Pero básicamente hemos de dejarnos guiar por lo que el niño pide, confiando en
sus señales sin descalificar, banalizar, ni degradar sus sentires, expresiones
y pedidos de necesidades emocionales (brazos, cuerpo materno, mirada, vínculo…)
a la condición de capricho o mala crianza. Esta civilización va demasiado apurada presionando a los niños
para que “seanindependientes”
(duerman solos, coman solos, dejen los pañales, no sientan miedo, no nos
necesiten…) Perdimos la paciencia, la conexión con el alma infantil y la confianza en la capacidad de
los niños para autorregularse, acompañándoles y mostrándoles de un
modo respetuoso con el ritmo individual de cada criatura, el camino de la socialización, sin presionar ni empujar.

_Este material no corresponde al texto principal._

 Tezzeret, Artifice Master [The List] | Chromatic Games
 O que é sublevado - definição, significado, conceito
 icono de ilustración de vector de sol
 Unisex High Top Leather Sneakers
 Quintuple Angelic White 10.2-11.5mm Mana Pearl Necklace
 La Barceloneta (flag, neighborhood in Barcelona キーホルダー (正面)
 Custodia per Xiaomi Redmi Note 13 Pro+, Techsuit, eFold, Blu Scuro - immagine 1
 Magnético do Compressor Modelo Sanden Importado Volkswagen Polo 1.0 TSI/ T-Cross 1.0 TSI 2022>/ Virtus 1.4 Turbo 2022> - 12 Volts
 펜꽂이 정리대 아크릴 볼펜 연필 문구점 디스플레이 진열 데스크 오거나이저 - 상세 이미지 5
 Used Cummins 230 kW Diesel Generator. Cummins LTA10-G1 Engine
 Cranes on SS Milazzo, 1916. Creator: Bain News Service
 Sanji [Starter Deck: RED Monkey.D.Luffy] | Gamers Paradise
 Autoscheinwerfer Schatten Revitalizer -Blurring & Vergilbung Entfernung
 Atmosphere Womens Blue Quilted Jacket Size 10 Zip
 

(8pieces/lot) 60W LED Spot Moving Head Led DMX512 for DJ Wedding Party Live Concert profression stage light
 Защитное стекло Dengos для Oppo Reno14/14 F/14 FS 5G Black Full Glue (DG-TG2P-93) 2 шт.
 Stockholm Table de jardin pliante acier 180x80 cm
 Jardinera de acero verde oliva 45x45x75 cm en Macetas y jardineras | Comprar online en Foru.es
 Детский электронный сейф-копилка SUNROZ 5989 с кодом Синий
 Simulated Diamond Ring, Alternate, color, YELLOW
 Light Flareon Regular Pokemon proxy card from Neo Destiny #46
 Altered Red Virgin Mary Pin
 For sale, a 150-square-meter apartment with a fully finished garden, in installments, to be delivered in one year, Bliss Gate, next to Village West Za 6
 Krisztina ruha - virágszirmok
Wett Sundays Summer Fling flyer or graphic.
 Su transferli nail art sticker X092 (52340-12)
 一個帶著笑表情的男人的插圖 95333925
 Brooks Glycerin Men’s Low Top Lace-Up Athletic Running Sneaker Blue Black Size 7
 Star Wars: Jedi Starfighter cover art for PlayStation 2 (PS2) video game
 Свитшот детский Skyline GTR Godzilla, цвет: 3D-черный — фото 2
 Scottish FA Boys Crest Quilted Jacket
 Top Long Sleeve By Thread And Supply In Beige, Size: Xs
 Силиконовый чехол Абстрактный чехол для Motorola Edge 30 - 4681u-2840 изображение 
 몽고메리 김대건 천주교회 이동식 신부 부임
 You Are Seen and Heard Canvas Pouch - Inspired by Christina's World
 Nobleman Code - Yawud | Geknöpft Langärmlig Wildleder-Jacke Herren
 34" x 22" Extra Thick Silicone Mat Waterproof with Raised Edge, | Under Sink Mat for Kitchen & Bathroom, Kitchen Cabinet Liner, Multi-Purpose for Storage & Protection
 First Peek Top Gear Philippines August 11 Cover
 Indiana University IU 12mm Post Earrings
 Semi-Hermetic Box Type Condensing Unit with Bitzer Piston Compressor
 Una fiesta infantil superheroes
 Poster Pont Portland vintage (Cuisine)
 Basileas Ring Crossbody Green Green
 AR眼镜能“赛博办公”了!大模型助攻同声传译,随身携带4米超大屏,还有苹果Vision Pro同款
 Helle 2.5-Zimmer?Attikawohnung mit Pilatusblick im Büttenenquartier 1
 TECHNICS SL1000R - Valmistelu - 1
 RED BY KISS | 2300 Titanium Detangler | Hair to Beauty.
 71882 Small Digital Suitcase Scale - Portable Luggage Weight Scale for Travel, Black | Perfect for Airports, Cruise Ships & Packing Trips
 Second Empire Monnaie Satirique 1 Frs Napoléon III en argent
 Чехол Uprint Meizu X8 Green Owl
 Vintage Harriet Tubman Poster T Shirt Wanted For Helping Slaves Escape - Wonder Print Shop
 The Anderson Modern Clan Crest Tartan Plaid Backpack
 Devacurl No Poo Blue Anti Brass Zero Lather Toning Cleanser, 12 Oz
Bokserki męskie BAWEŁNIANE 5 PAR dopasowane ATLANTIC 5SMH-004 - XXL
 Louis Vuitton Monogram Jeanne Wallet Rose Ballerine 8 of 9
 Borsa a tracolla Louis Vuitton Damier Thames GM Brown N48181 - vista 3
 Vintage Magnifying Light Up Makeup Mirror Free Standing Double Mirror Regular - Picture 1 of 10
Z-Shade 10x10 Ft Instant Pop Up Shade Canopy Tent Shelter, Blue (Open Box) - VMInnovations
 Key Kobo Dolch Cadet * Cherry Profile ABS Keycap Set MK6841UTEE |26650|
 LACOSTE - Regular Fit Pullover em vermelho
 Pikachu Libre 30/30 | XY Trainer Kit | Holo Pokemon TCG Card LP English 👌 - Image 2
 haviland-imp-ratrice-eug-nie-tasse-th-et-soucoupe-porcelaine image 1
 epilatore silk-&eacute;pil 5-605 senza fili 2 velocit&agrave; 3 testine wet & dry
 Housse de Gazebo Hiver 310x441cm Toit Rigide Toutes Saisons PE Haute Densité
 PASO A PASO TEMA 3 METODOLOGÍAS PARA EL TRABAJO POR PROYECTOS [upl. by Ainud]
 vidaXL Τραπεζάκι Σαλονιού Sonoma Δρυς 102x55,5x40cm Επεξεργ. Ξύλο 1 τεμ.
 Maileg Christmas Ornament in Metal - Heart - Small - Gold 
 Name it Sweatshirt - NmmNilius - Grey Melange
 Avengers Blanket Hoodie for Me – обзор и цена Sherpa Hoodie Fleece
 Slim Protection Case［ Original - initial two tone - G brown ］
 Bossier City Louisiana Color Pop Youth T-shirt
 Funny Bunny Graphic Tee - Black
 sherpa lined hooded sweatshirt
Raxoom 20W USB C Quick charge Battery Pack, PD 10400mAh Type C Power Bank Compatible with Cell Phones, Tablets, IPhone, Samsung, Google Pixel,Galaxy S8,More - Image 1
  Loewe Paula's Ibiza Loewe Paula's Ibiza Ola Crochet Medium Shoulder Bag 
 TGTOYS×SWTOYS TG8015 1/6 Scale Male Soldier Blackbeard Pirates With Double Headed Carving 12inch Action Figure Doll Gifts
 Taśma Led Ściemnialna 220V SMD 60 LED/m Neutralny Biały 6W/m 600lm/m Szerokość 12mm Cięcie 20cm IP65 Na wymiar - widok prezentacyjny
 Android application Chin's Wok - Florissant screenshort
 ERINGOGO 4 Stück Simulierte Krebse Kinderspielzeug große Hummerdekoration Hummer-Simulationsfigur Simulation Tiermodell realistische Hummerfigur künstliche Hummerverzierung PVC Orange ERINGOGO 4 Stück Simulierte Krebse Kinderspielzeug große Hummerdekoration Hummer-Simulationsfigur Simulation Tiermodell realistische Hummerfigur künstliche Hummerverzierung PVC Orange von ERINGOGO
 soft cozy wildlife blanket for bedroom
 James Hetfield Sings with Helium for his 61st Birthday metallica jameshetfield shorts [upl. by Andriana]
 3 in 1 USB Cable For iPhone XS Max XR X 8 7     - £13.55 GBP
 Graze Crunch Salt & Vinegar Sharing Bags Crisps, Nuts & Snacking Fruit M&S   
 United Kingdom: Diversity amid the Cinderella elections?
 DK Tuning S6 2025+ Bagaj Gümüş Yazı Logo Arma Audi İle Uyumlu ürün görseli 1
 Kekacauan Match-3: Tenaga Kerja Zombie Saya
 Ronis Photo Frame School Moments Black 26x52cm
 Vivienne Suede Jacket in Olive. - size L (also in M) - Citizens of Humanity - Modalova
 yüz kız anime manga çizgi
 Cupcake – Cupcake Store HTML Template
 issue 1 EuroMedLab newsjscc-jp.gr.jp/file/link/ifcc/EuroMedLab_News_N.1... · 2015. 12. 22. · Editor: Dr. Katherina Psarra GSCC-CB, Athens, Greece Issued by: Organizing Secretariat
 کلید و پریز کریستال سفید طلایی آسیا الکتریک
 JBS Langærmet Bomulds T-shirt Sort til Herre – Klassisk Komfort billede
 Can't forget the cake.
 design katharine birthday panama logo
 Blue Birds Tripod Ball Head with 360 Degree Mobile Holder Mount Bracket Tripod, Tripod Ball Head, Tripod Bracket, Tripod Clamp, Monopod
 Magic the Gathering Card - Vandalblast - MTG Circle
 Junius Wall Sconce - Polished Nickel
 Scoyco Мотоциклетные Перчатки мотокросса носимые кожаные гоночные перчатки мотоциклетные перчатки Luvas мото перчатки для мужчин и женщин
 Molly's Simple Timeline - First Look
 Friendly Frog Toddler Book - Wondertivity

Es fundamental comprender que durante
todas las etapas del desarrollo infantil, pero particularmente durante la
primera infancia, un vínculo de apegoseguro,
donde siempre exista la figura de cuidadores (progenitores) bien conectados, que
sepan interpretar las necesidades del niño y satisfacerlas de inmediato, en
continuum, forja los cimientos para el despliegue de la salud emocional, la autoestima y otros recursos para relacionarnos desde la no violencia.
Lo resume la psicóloga Yolanda González
en una frase: Mientras más experiencias gratificantes tenga un ser humano
durante la primera infancia, más posibilidades tendrá de confiar en la vida y
más recursos tendrá para enfrentar situaciones difíciles.